> Problem statement
The following data has a line with "16 Oz Strawberry Lemonade" and a line with "Volkswagen Tiguan view 11". Write out exactly those lines and all the lines between them.

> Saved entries
· · · · · · ·

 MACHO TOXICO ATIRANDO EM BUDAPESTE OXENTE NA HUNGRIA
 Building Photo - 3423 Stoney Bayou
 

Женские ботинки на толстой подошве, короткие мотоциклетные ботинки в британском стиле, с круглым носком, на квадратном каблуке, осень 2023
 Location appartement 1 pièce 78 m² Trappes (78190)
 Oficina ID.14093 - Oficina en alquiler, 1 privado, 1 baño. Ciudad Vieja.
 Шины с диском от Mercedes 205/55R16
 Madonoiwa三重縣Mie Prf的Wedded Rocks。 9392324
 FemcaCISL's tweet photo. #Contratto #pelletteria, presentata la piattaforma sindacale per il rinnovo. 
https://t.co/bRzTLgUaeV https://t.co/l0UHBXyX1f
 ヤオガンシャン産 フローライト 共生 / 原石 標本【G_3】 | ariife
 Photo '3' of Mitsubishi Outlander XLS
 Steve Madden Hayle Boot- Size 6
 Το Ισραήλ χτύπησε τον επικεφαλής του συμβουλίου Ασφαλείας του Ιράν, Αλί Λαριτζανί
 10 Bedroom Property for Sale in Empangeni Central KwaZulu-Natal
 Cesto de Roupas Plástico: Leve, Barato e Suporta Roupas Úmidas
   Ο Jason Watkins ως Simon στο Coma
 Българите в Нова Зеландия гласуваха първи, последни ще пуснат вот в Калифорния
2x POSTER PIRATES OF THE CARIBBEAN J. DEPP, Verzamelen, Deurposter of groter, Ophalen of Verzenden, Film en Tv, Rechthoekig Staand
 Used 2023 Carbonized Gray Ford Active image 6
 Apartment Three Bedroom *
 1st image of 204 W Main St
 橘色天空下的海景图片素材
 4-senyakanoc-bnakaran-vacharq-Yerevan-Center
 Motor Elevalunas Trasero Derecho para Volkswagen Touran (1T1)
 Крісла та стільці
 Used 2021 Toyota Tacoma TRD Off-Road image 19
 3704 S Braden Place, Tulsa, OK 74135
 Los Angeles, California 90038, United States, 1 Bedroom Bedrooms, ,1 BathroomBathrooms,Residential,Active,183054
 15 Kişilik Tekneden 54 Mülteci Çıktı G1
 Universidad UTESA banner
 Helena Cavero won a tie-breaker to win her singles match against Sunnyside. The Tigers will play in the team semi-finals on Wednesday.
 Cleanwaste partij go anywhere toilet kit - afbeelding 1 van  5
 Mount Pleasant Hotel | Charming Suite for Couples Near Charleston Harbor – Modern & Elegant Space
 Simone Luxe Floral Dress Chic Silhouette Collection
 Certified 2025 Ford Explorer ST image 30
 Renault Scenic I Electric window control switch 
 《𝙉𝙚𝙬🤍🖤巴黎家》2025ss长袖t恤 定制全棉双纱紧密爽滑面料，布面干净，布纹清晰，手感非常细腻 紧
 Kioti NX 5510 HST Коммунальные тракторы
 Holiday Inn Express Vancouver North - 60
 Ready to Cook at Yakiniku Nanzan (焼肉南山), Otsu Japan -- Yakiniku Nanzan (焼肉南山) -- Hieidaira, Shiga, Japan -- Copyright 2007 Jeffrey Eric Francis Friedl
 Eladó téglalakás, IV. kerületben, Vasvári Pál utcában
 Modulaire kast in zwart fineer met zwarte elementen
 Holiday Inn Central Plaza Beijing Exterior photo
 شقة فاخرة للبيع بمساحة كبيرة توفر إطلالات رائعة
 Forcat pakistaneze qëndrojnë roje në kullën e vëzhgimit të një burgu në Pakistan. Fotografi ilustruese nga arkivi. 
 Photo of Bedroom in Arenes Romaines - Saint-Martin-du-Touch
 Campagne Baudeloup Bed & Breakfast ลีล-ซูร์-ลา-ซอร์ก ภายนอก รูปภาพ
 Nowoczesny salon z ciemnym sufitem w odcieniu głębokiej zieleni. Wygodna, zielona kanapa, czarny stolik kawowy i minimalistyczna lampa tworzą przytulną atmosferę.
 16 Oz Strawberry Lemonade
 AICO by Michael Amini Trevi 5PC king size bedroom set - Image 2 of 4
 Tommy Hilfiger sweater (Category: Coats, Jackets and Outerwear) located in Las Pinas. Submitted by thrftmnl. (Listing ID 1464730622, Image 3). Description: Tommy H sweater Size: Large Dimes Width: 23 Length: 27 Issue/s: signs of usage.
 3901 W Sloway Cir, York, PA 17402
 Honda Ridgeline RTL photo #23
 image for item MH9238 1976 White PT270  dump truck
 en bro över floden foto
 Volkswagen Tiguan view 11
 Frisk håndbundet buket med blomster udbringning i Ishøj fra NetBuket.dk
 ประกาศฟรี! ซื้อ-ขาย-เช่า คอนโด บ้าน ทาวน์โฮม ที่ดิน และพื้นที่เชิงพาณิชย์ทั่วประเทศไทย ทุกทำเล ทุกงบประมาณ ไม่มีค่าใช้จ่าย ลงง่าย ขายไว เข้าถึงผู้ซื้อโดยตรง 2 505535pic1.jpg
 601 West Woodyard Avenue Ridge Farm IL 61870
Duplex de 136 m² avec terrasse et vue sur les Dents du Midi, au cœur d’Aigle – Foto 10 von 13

· · · · · · ·

> Answer for this exercise
 16 Oz Strawberry Lemonade
 AICO by Michael Amini Trevi 5PC king size bedroom set - Image 2 of 4
 Tommy Hilfiger sweater (Category: Coats, Jackets and Outerwear) located in Las Pinas. Submitted by thrftmnl. (Listing ID 1464730622, Image 3). Description: Tommy H sweater Size: Large Dimes Width: 23 Length: 27 Issue/s: signs of usage.
 3901 W Sloway Cir, York, PA 17402
 Honda Ridgeline RTL photo #23
 image for item MH9238 1976 White PT270  dump truck
 en bro över floden foto
 Volkswagen Tiguan view 11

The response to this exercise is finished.